Larry Blume
Distinguished Arts and Sciences Professor of Economics
College of Arts and Sciences
Professor of Information Science
Bowers College of Computing and Information Science
Larry Blume is a Distinguished Arts and Sciences Professor of Economics in the College of Arts and Sciences and a Professor of Information Science in Bowers CIS. He has been a member of the Cornell faculty since 1990. He earned his Ph.D. at UC Berkeley and first taught at the University of Michigan for 13 years, two of which were spent on leave in Ithaca. His teaching and research interests focus on economic theory, specifically on decision theory, market equilibrium theory, and game theory. He is a coauthor of Mathematics for Economists (Norton), a textbook for first-year graduate students, and a coeditor the New Palgrave Dictionary of Economics 2ed (Macmillan). He has been affiliated with the Santa Fe Institute where he co-directed the economics program and served on the Science Steering Committee. He has held visiting appointments or fellowships in Vienna at the Institut für Höhere Studien and the Wirtschaftsuniversität, and also at the Hebrew University of Jerusalem, the Harvard Kennedy School, Northwestern University, NYU, the Stockholm School of Economics, Tel Aviv University, WZB Berlin, and Yale. He currently serves on the advisory boards of the Stone Center for Research on Wealth Inequality and Mobility at the University of Chicago, and of the School of Humanities, Natural, and Social Sciences at the New Uzbekistan University.
Blume’s service at Cornell has included the roles of member and chair of the Financial Policies Committee, member of the University Appeals Panel, Economics Department Chair, Faculty Senator, and Interim Associate Dean for Education in the Bowers College. He is currently the Director of Undergraduate Studies in the Department of Information Science and the Bowers CIS Associate Dean for Academic Affairs.
Candidate Statement:
In my time at Cornell the distribution of authority within the University has significantly shifted. The circles of information have shrunk, and the circles of decision-making are increasingly closed. Authority has moved from Departments to Deans and from the Faculty Senate to Day Hall. The University is operating in an increasingly difficult environment. Complexity is intensifying, the speed at which decisions must be made is increasing, and the costs of getting it wrong are ever higher. It is unfortunate but not surprising that the Administration are circling the wagons, and that the deliberative voice of the faculty is often not listened to. The challenge for faculty governance is to make ourselves heard.
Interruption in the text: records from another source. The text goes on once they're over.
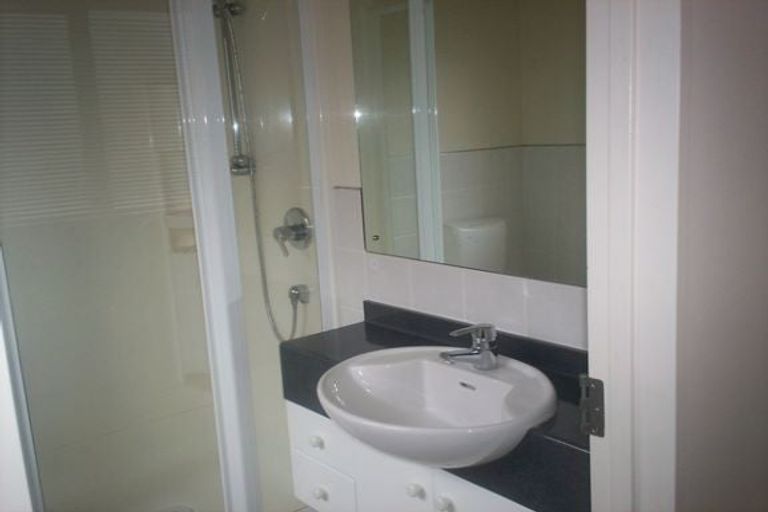 Photo of property in 20 Langana Avenue, Browns Bay, Auckland, 0630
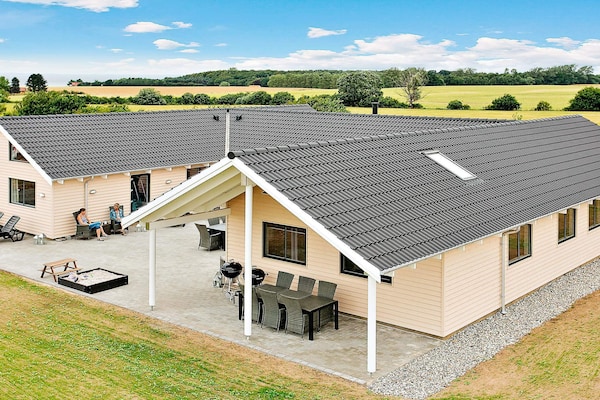 Foto van Luxe vakantieverblijf met zwembad - Vakantiehuis in Bogense - Outdoor
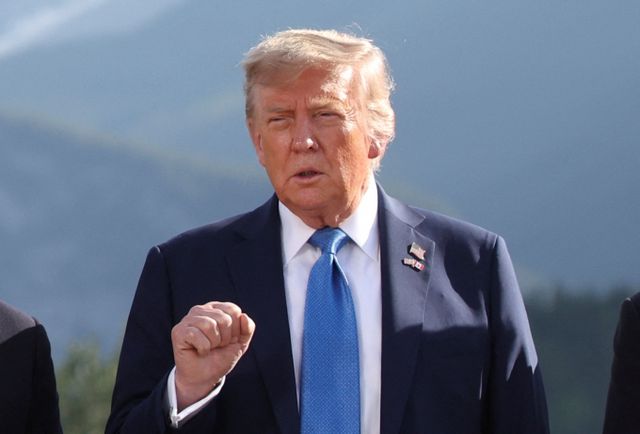 도널드 트럼프 미국 대통령이 주요 7개국(G7) 정상회담 조기 귀국 사유가 이스라엘과 이란의 휴전 때문이 아니라고 전했다. 사진은 트럼프 대통령이 지난 16일(현지시각) 캐나다 앨버타주 카나나스키스에서 열린 G7 정상회담에 참석한 모습. /사진=로이터 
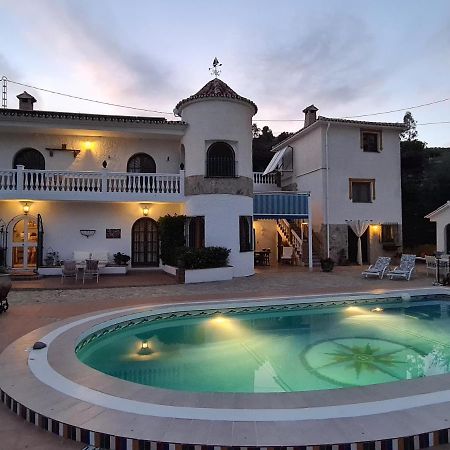 Bed and Breakfast Casa Estrella De Salia Alcaucín Exterior foto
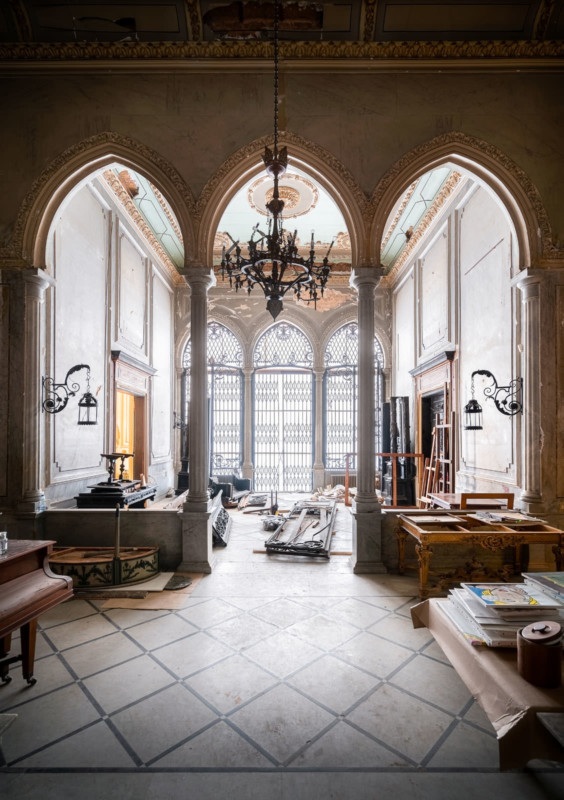 Sursock-Palace-01-564x800.jpg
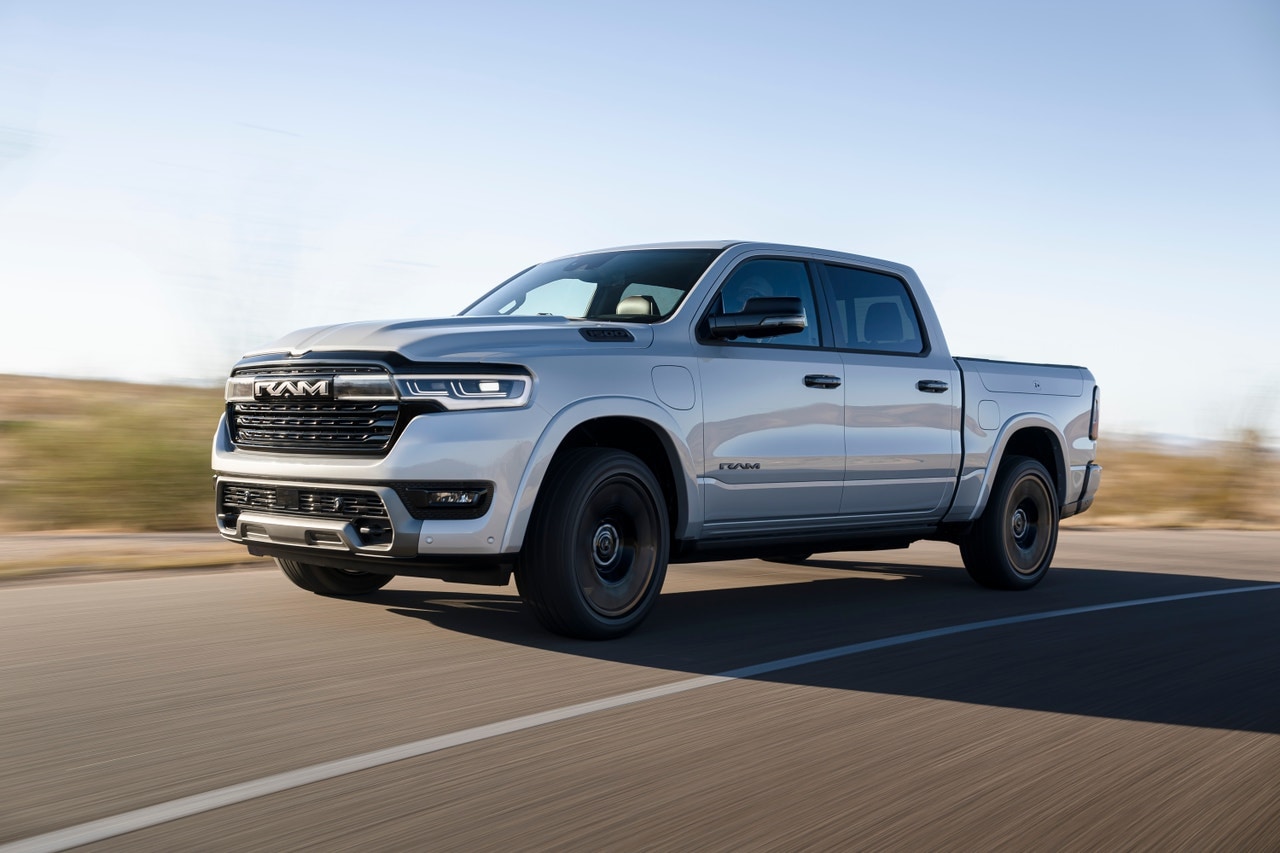 2025 Ram 1500 Ramcharger front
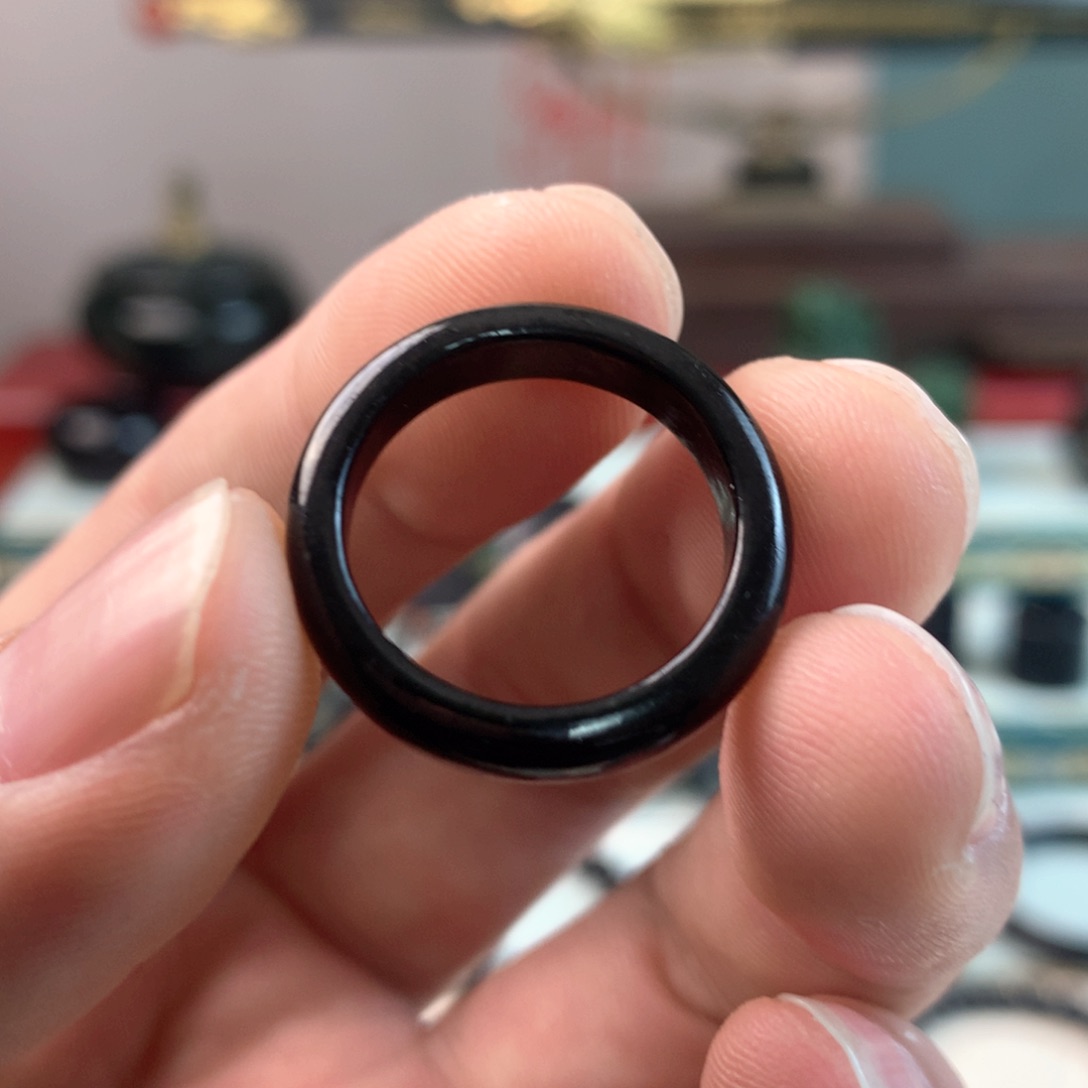 和田玉黑青指环未镶嵌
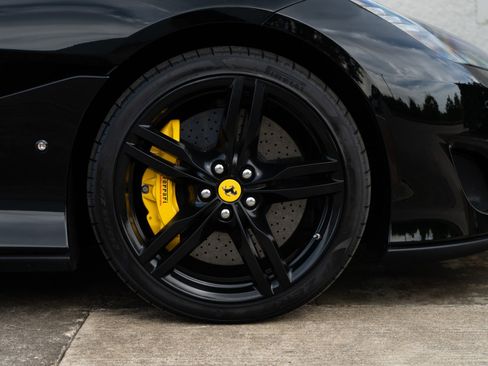 Used 2020 Ferrari Portofino image 36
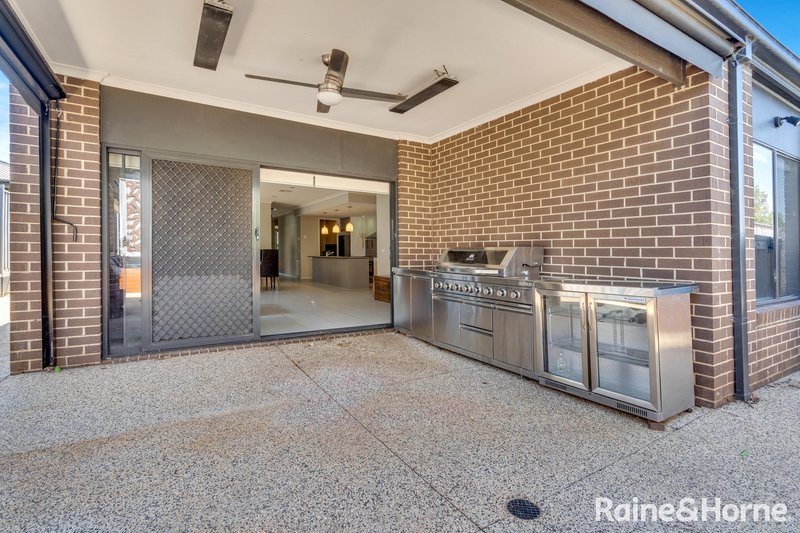 Photo - 19 Rosenthal Boulevard, Sunbury VIC 3429 - Image 24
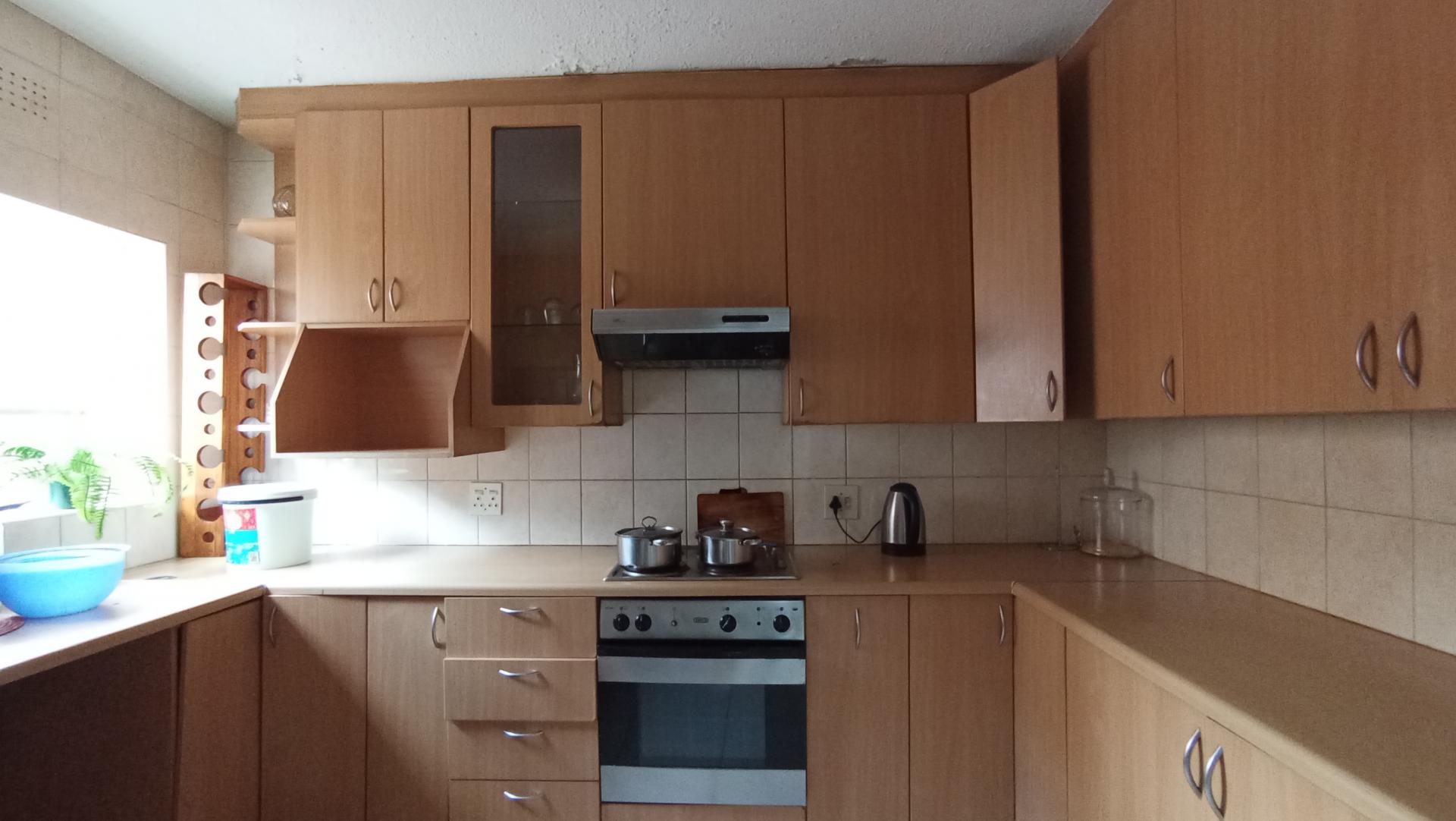 Kitchen - 11 square meters of property in Windsor West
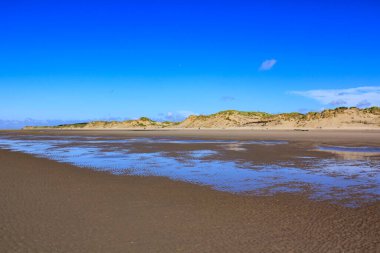 Güneşli bir günde Liverpool, İngiltere 'deki Formby Beach (Victoria Road Beach) veya Formby Dunes manzarası. Kuzey Batı İngiltere 'nin Merseyside ilçesinde şehir. Meşhur kum tepeleri de dahil. Doğa, seyahat sahnesi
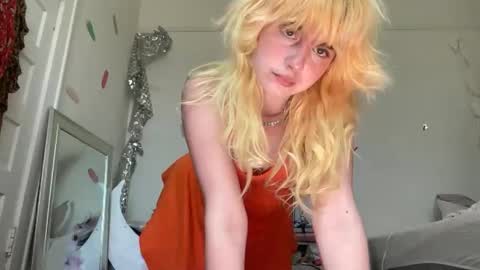Snapshot of honeyxlimbed chatting on June 3, 7:41 pm Emi Rose online show from June 3, 7:41 pm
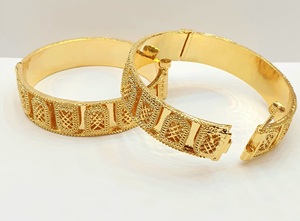 สร้อยข้อมือสแตนเลสชุบทอง24K ทันสมัยเครื่องประดับชุบทอง24K - Product Image 2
I have been privileged to see University operations up close from many vantage points. I joined the Financial Policies Committee as the current budget model was being developed. The problems we see today were apparent even then, but they have been exacerbated by the creation of new colleges and novel administrative structures like super-departments. As an Associate Dean, I helped create the tenure and promotion processes for the Bowers College and its proposal for Teaching Professor titles. In the course of this work I saw the complexity of the legal environment in which Cornell operates. As Information Science DUS I serve on the CALS Curriculum Committee and the College of Engineering’s College Curriculum Governing Board. Information Science also runs a major in the Arts College. The diversity of management styles, cultures, and identities across Cornell’s many Colleges is large, and the fact that we run twelve (depending on how you count) experiments in solving a common set of problems is an underutilized resource. I hope to engage the shared wisdom of the Colleges to increase the faculty voice in our shared governance.